Reading Science Built the Rope. Now Let Children Climb.
- Karyn Allee

- 12 hours ago
- 5 min read
The Science of Reading Needs the Science of Play

Reading education is in an unusual moment, but the argument I keep wanting to make is not about who is winning.
Southern states that enacted structured literacy legislation have drawn national attention for measurable gains in early reading achievement. My co-authors and I have been examining what some are calling the "Southern Surge" for a forthcoming piece in The Conversation, and the data are encouraging. The policy momentum deserves serious, nuanced analysis.
But what the current debate is mostly missing is a conversation about children. About joy. About agency. About what it actually looks and feels like to learn to read when you are five years old, and the world is still wide open.
Even as attention builds around Science of Reading (SoR) reform (the movement to ground reading instruction in what decades of cognitive science and linguistics research tell us about how children learn to read) the programs most closely associated with that reform are drawing scrutiny.
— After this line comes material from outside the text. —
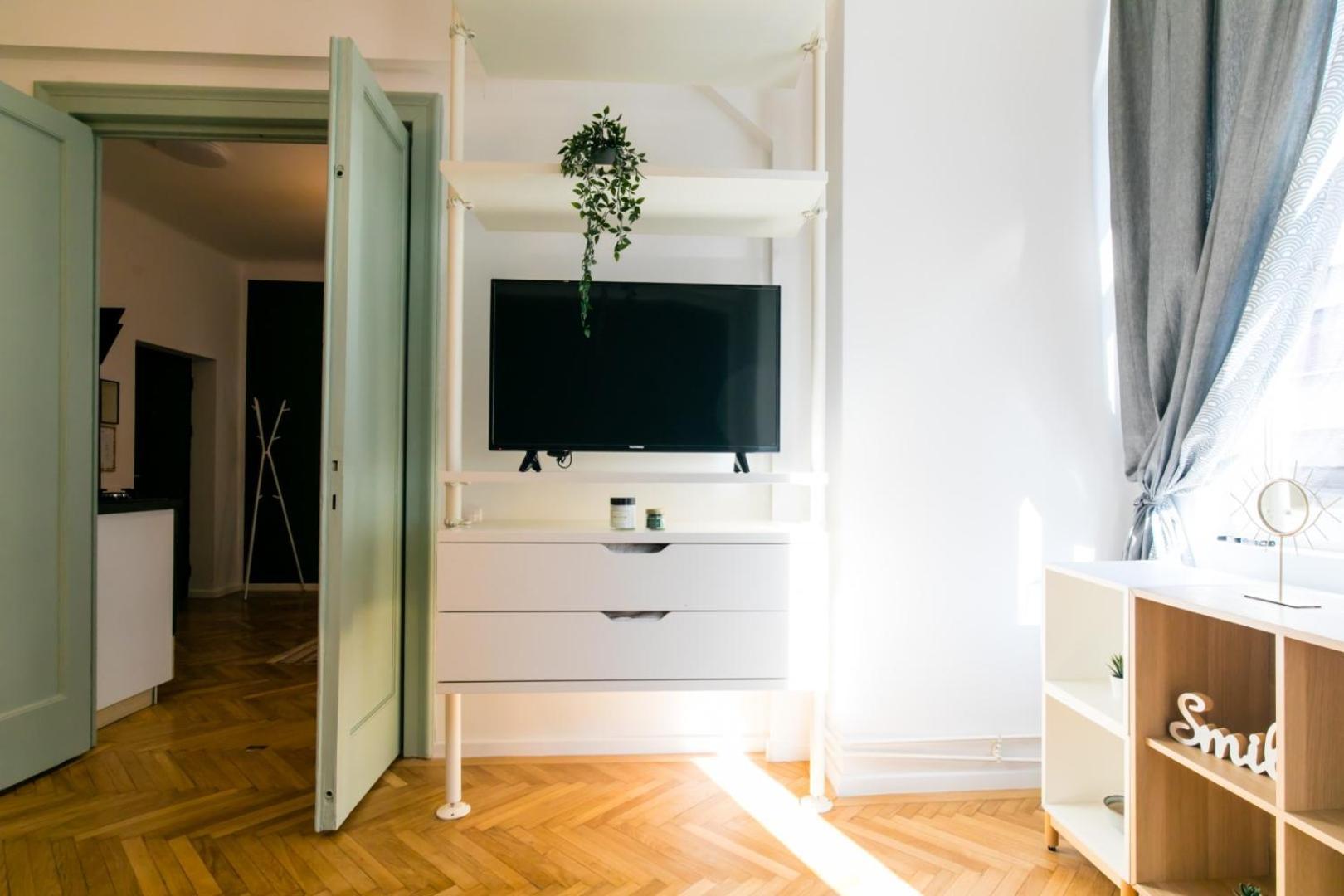 Heart Of The City - Cozy Apartments In Prime Location ブカレスト 部屋 写真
And the scrutiny, however warranted, rarely asks the questions that matter most to the children sitting in those classrooms.
LETRS and i-Ready Are Facing Legitimate Questions
LETRS (Language Essentials for Teachers of Reading and Spelling) has been widely adopted as professional development in states pursuing SoR reform. Questions have emerged about its cost relative to measured outcomes, the consistency of implementation, and whether professional learning translates to classroom change without sustained coaching.
These are reasonable questions. Purchasing a program is not the same as transforming instruction. Scripted professional development rarely preserves the teacher judgment and responsiveness that children need.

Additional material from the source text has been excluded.